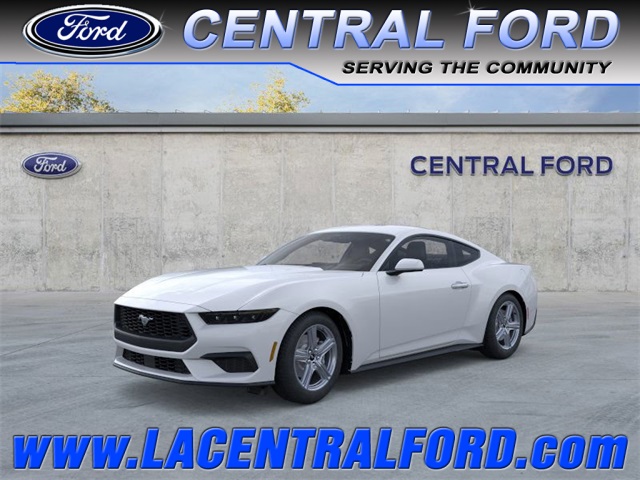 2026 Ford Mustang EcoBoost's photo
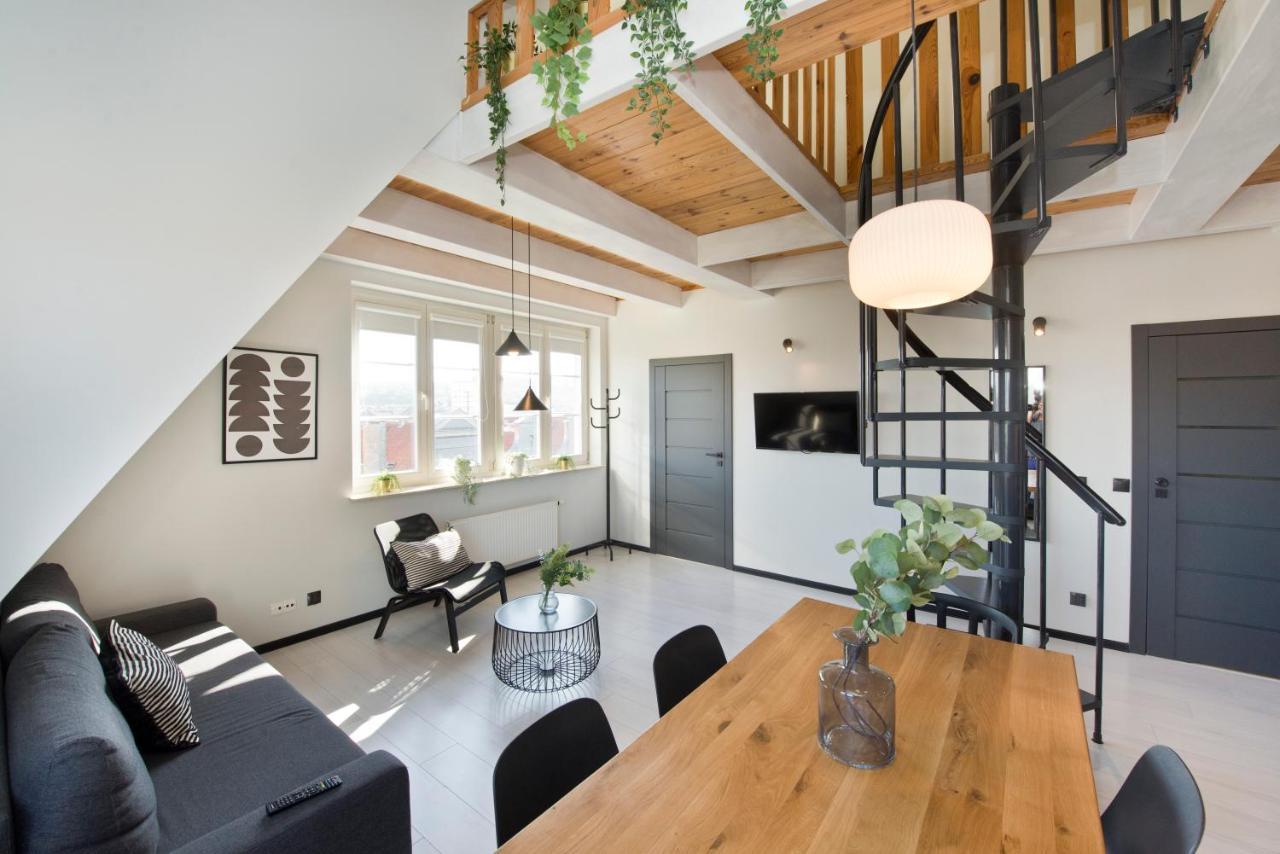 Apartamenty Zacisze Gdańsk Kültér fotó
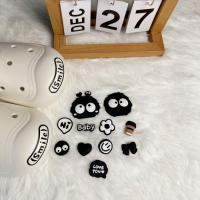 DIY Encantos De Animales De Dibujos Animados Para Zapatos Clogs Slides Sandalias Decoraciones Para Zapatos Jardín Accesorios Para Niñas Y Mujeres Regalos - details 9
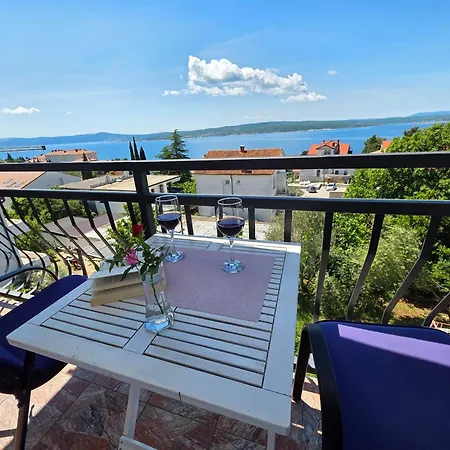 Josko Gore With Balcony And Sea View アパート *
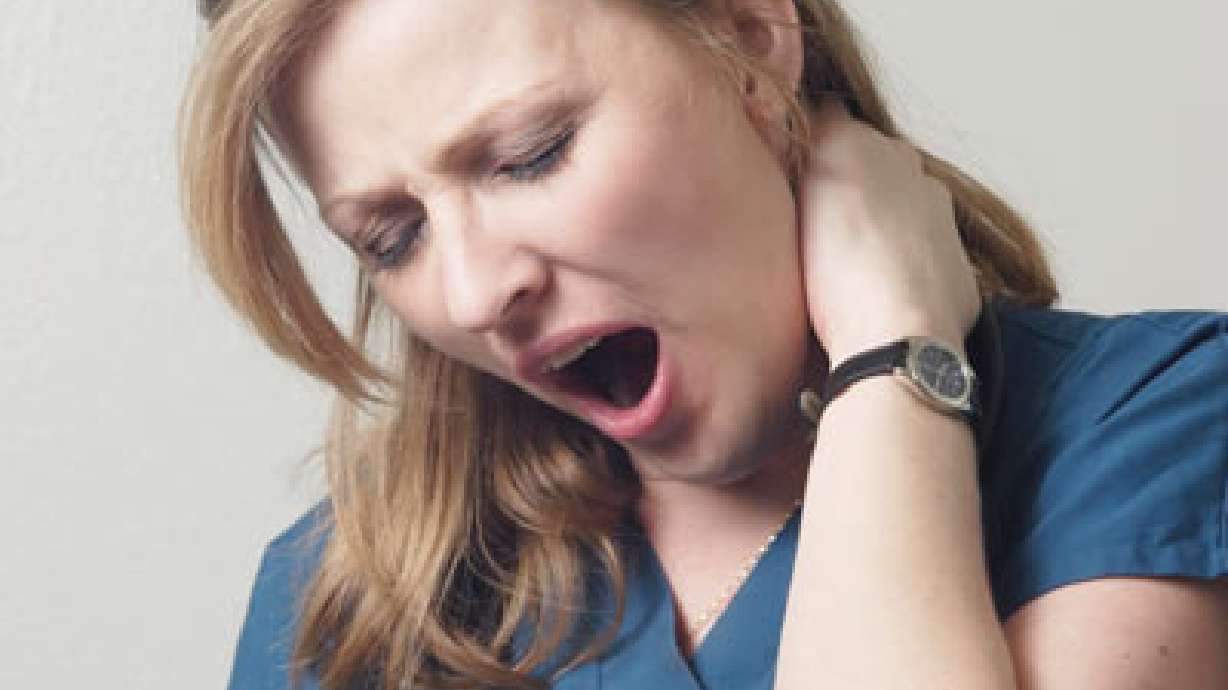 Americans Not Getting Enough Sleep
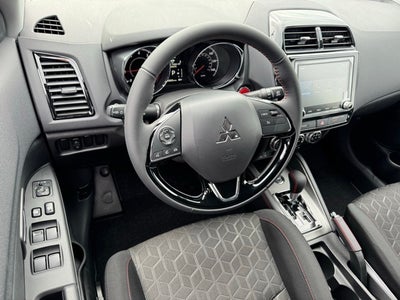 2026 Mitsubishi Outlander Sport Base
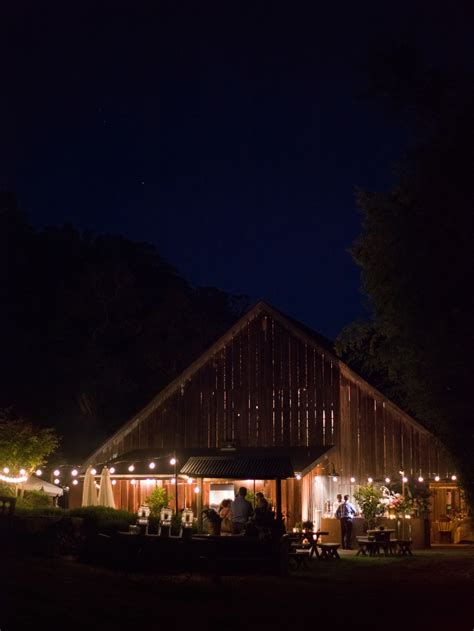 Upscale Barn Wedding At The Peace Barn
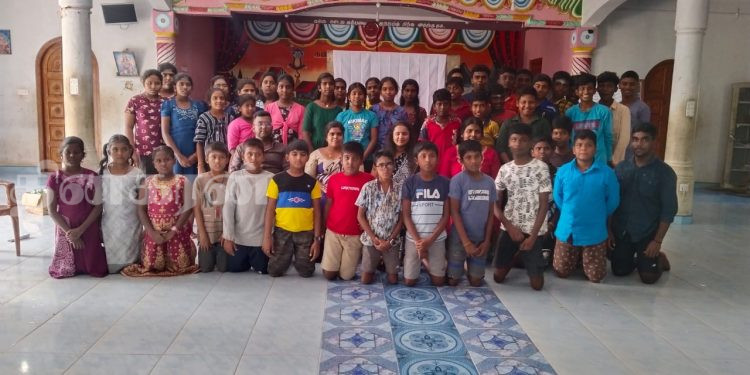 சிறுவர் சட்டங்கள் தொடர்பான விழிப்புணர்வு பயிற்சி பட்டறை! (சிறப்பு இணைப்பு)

────────

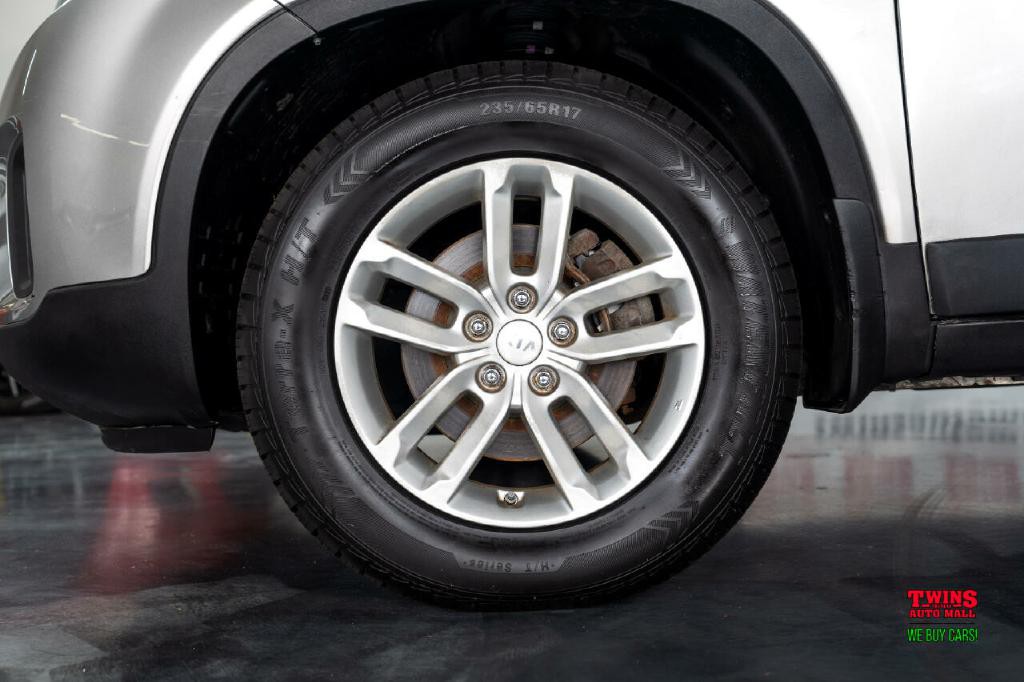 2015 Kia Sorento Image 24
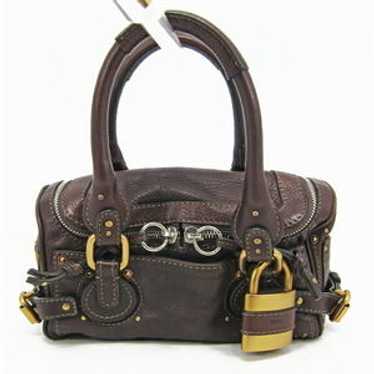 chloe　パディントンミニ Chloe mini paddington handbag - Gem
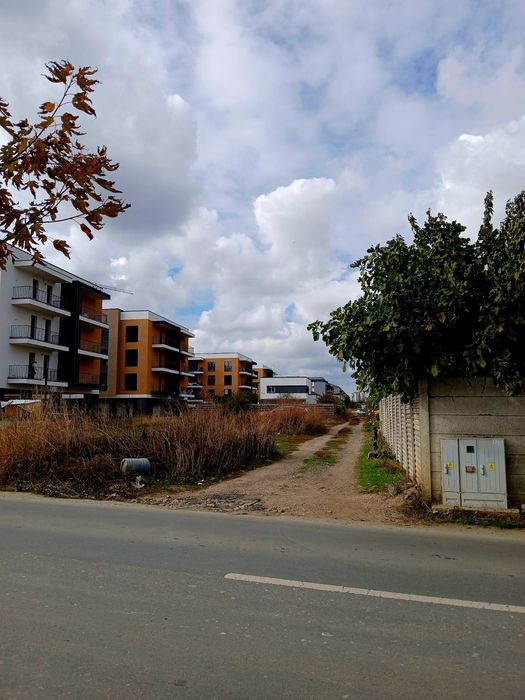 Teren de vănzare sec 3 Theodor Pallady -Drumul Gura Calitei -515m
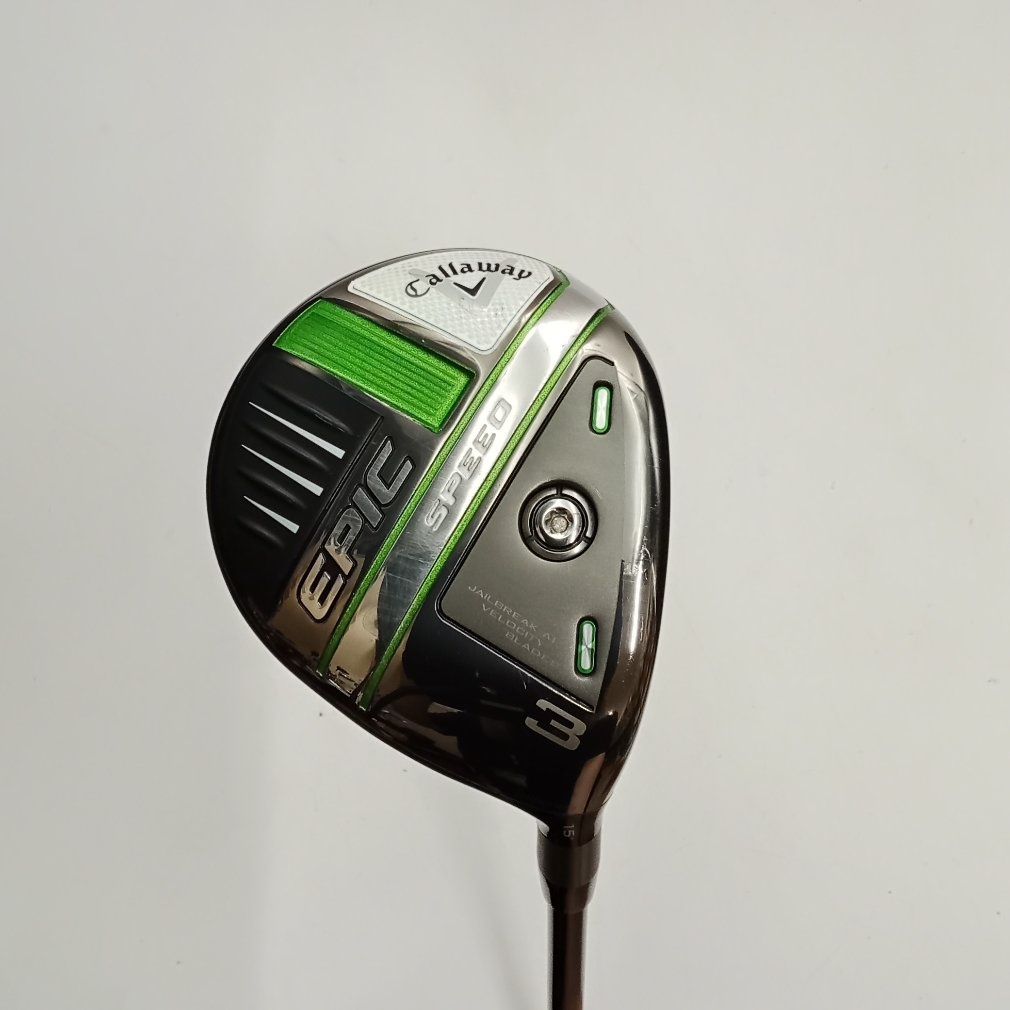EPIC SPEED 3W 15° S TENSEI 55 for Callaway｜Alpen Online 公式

────────

Task details: Without the pictures, set down the lines above from the line with "DIY Encantos De" up to and including the line with "சிறுவர் சட்டங்கள் தொடர்பான" exactly as they stand.

Response to the task:
 DIY Encantos De Animales De Dibujos Animados Para Zapatos Clogs Slides Sandalias Decoraciones Para Zapatos Jardín Accesorios Para Niñas Y Mujeres Regalos - details 9
 Josko Gore With Balcony And Sea View アパート *
 Americans Not Getting Enough Sleep
 2026 Mitsubishi Outlander Sport Base
 Upscale Barn Wedding At The Peace Barn
 சிறுவர் சட்டங்கள் தொடர்பான விழிப்புணர்வு பயிற்சி பட்டறை! (சிறப்பு இணைப்பு)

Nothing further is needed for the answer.